_What you need to do:_ A full, exact copy of the listing is needed, with images omitted.

_Data extracts:_
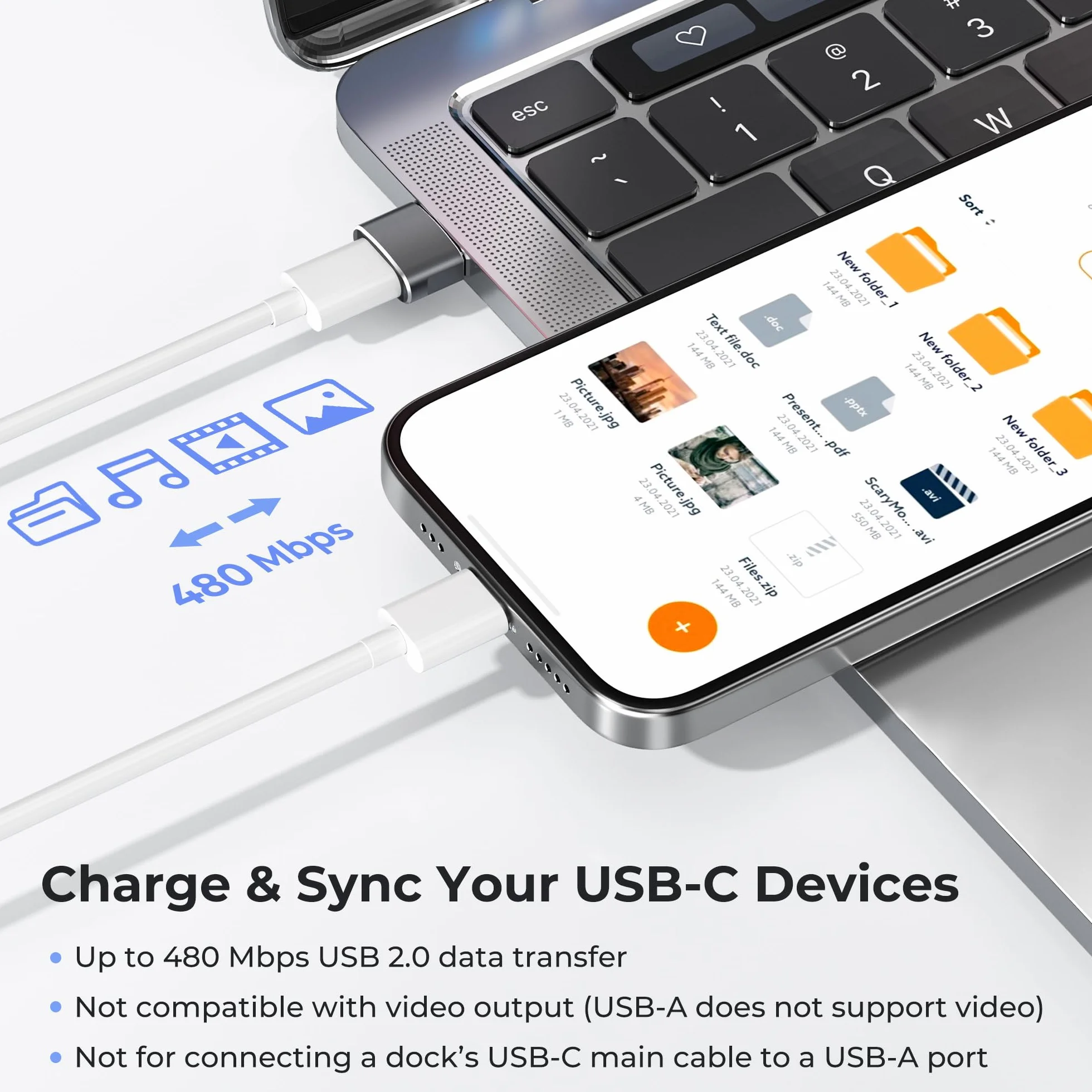 Basesailor Adapter USB do USB C,Adapter USBC Żeński do USB A Męski,Konwerter Type C Ładowarka do iPhone 17 17e Pro Max 16 15,Apple Watch iWatch S11 10 SE,AirPods 3,iPad mini Air,Samsung Galaxy S25 S26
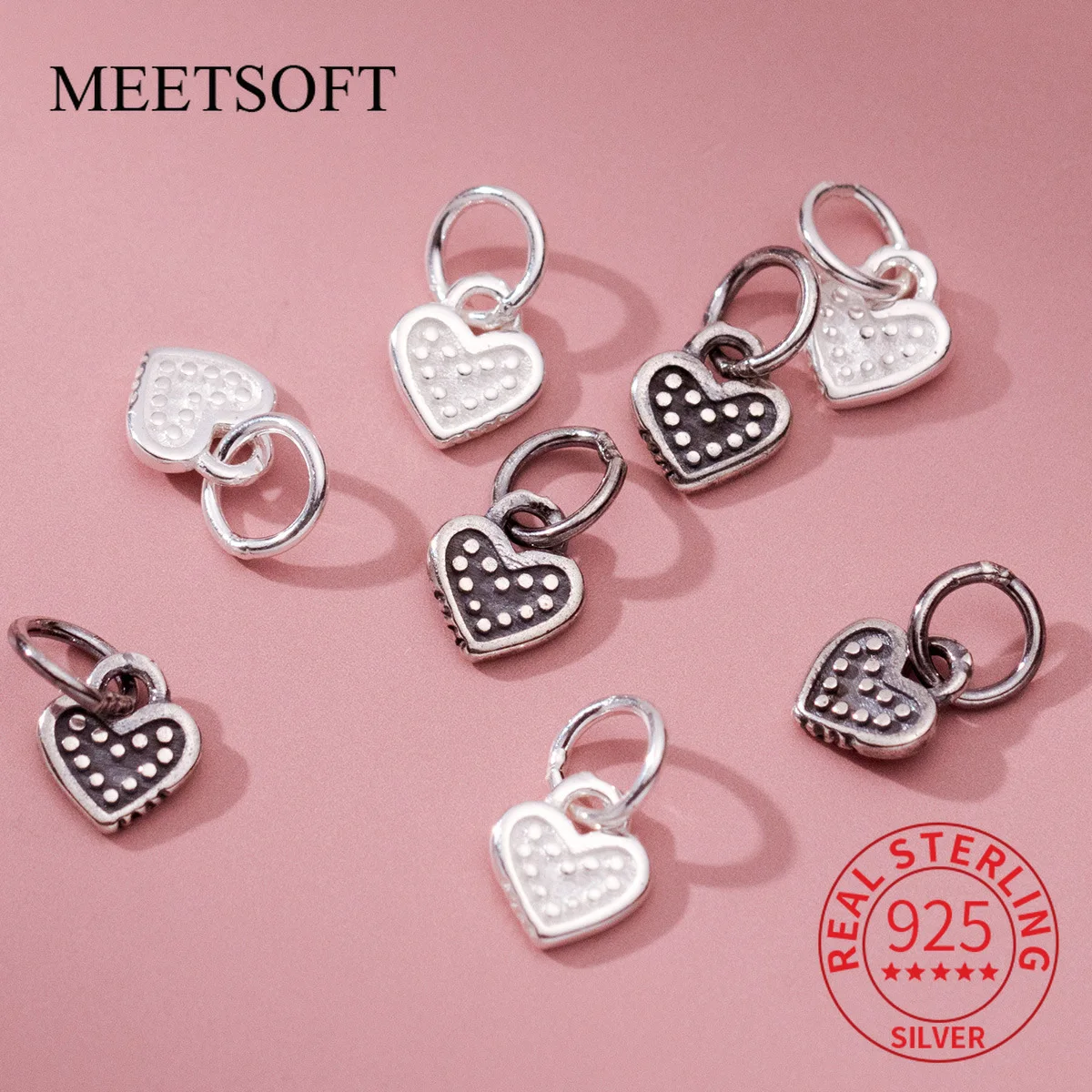 S925 Стерлинговое Серебро подвеска в форме сердца DIY браслет аксессуар ручной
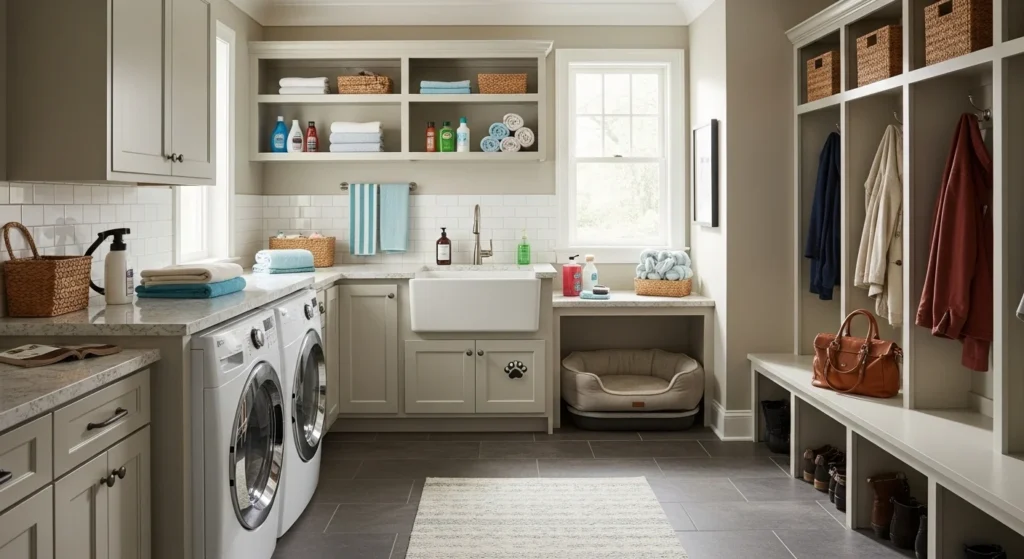 mudroom laundry combo pet station washing area organized space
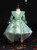 Green Tulle Hi Lo V-neck Long Sleeve Appliques Flower Girl Dress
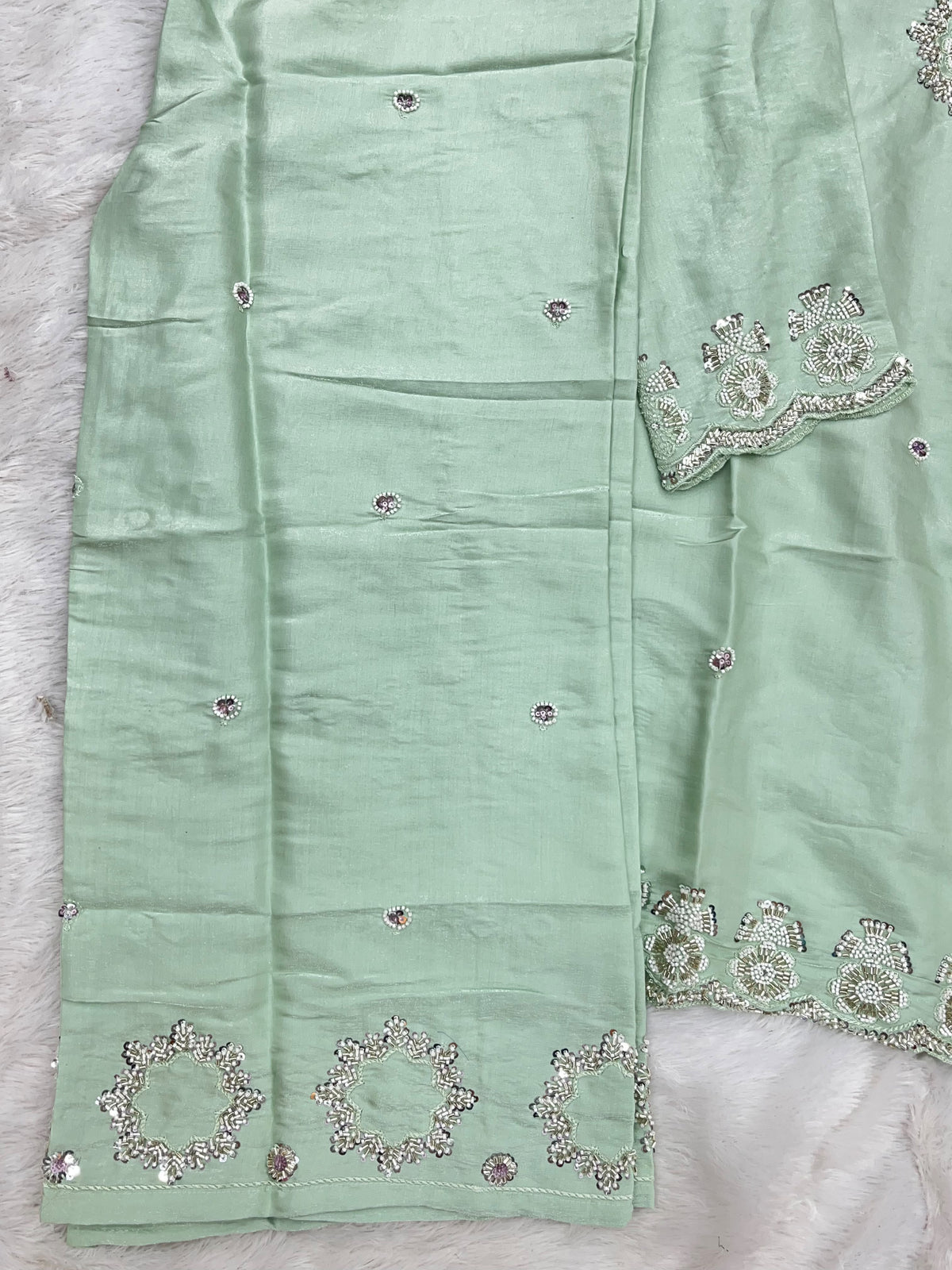 1431 Heavy Pakistani Partywear - Mint Green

_Reply:_
 Basesailor Adapter USB do USB C,Adapter USBC Żeński do USB A Męski,Konwerter Type C Ładowarka do iPhone 17 17e Pro Max 16 15,Apple Watch iWatch S11 10 SE,AirPods 3,iPad mini Air,Samsung Galaxy S25 S26
 S925 Стерлинговое Серебро подвеска в форме сердца DIY браслет аксессуар ручной
 mudroom laundry combo pet station washing area organized space
 Green Tulle Hi Lo V-neck Long Sleeve Appliques Flower Girl Dress
 1431 Heavy Pakistani Partywear - Mint Green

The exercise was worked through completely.